Thursday, October 25, 2007

The Academic as Hero



Bronwyn told me that the irritating woman who buttonholed her yesterday in the Airport Departure Lounge was especially scornful when she heard what I did for a living.

"Who on earth would want to study Creative Writing? What can you possibly do with that?"

What indeed? It put me in mind of having to apply for some documents from tne New Zealand embassy in Brussels. When the man behind the desk heard what I'd been studying abroad (Comparative Literature - especially the creation of imaginary countries in fiction), his remark was: "You'll be a real asset to the country when you go home ..."

Well, maybe so.

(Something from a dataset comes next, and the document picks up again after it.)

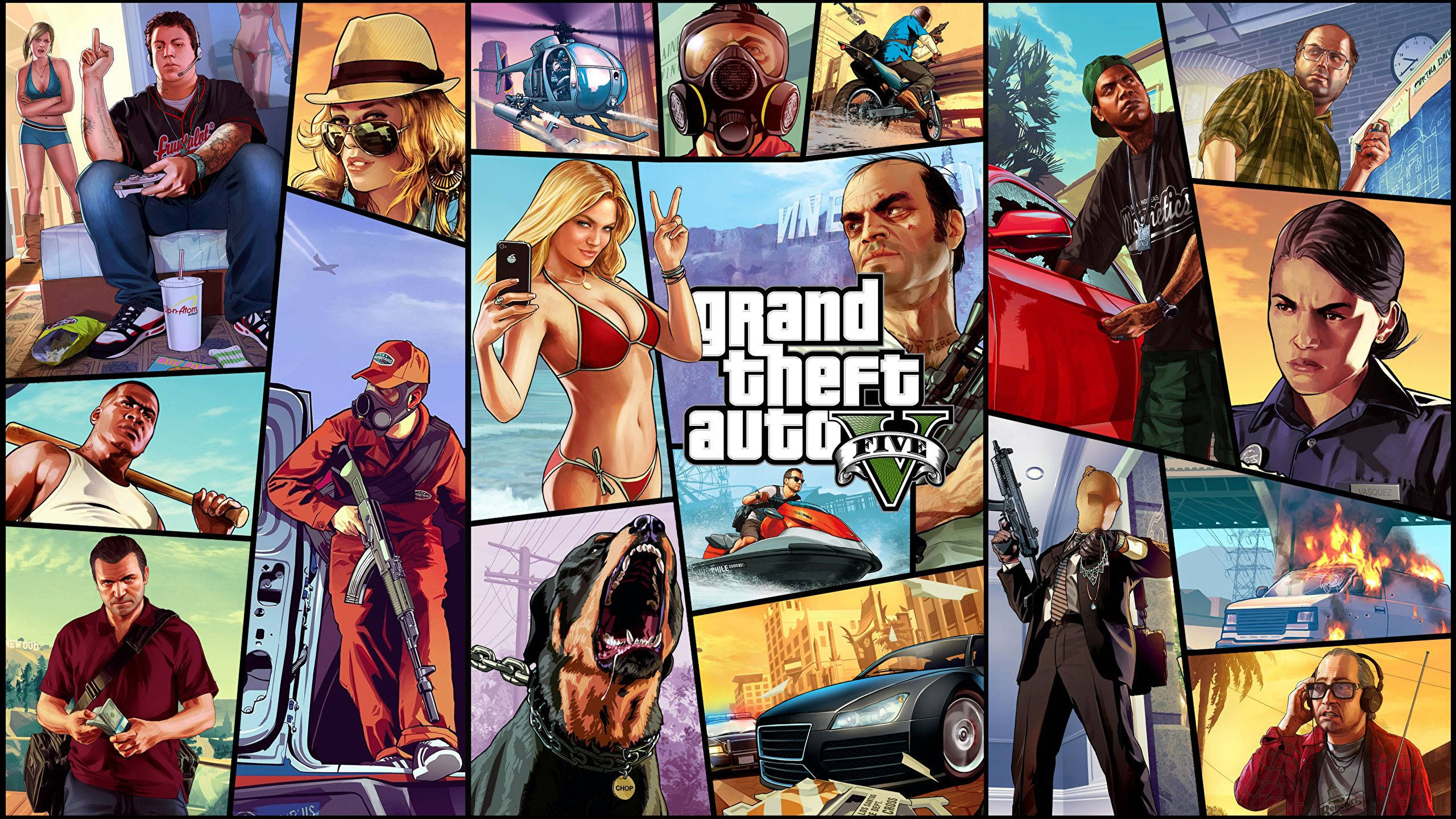 GTA 5 2560x1440 Teël Collage Muurpapier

But then, I don't have any quarrel with people who want to study and specialise in more practical subjects. Why do they feel the need to express an opinion on what us Bohemians are getting up to? What is it that so gets up their noses?

Granted, our interests don't sound that useful sometimes. But when I turn on the TV and listen to a bunch of absolute morons discussing the absolute necessity of starting a war with Iran in order to (get this!) "avoid World War III," I begin to wonder if their time mightn't have been better employed in GETTING AN EDUCATION, rather than attending endless thinktank sessions on counter-terrorism.

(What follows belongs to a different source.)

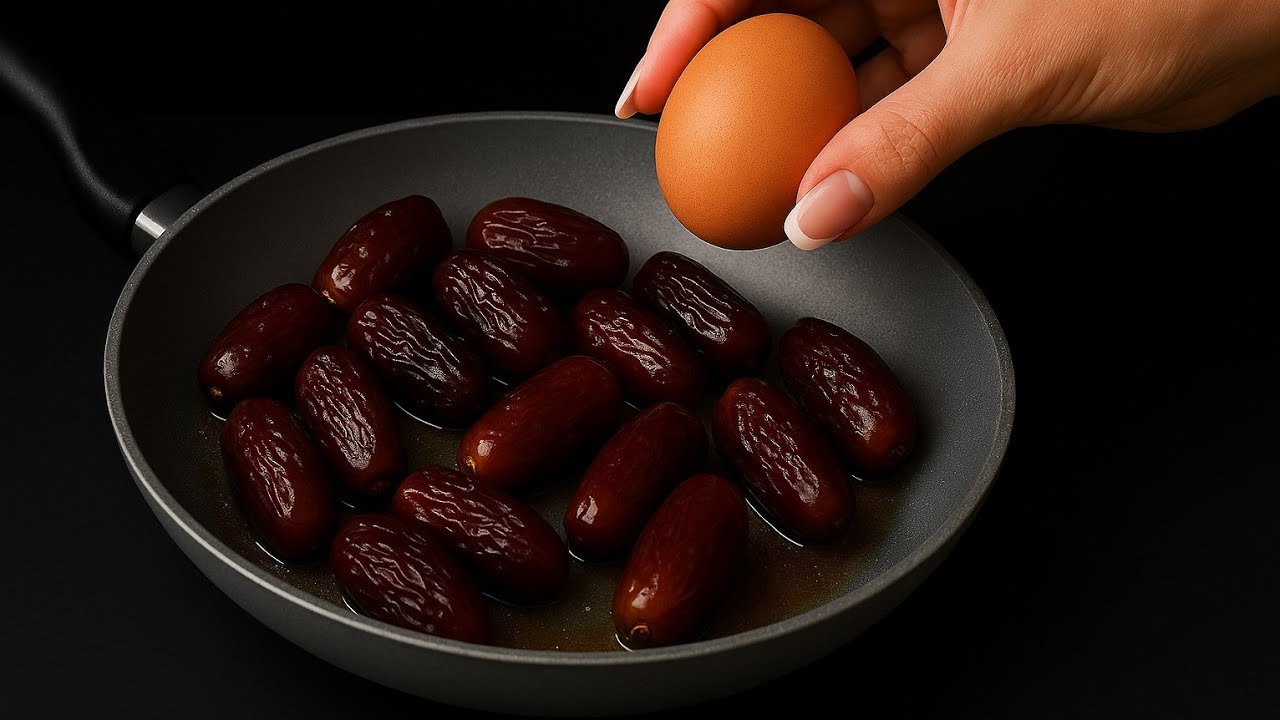 Pour the egg over the dates the result will amaze you!😍 A great idea for breakfast.😋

Thinking outside the box, that's what I mean - seeing the other guy's point-of-view. Having the flexibility, above all, to observe the contradictions in your own position.

Those are all skills that any aspiring fiction-writer has to master - not to mention philosophers, sociologists, anthropologists, and all the rest of us frivolous egghead geeks.

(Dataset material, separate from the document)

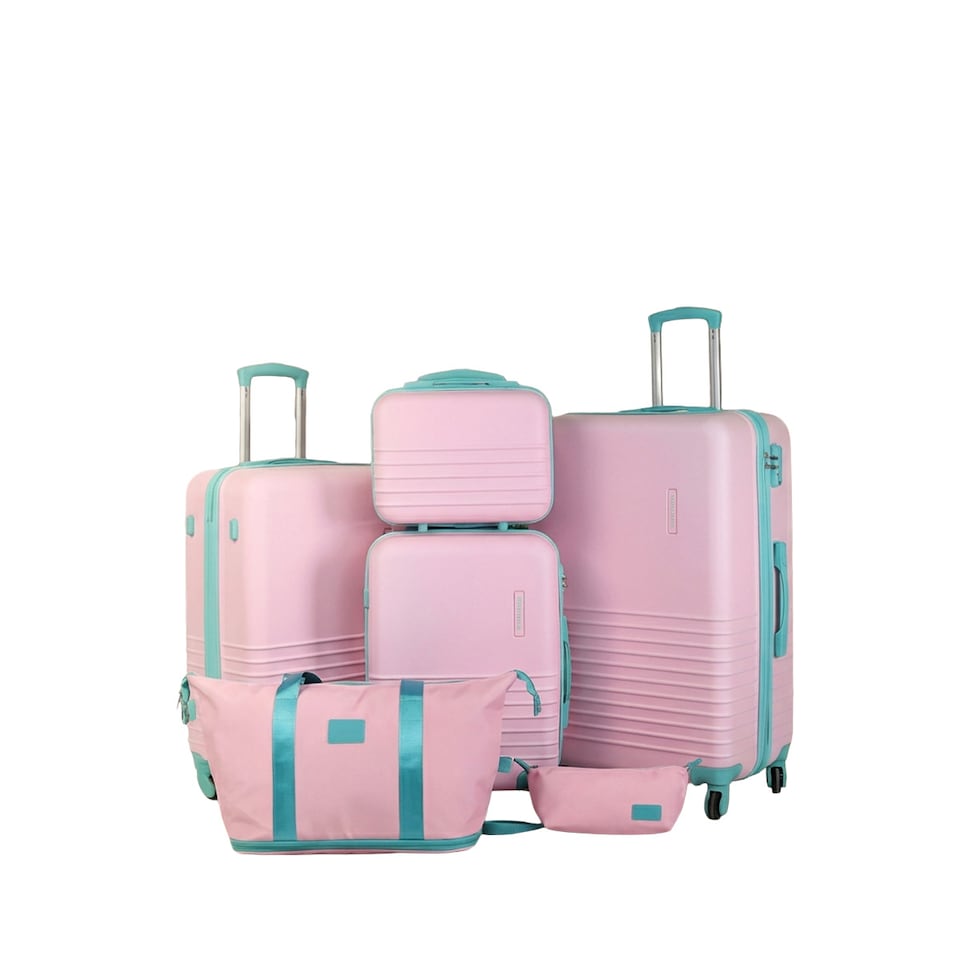 image 1 of Fergana 6 Piece ABS Hard Shell Luggage Set Lightweight Spinner Suitcases TSA Lock Travel Set Baby Pink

It isn't that we can't fool ourselves just as easily as other members of the population. The sign of the true intellectual, I often think, is someone with the ability to rationalise any intellectual position, however absurd or abhorrent (Sartre as apologist for Stalin's show trials; Bertrand Russell advocating a unilateral nuclear strike on Russia in 1948 ...) The point is rather that our disciplines do at least encourage us to see more perspectives and take up less kneejerk stances. Whether we end up actually doing that or not is down to our own individual proclivities.

So, yes, I'm an advocate of the traditional university education. I have no problem at all with vocational degrees and departments, but I still think that they need us at least as much as we need them - possibly more.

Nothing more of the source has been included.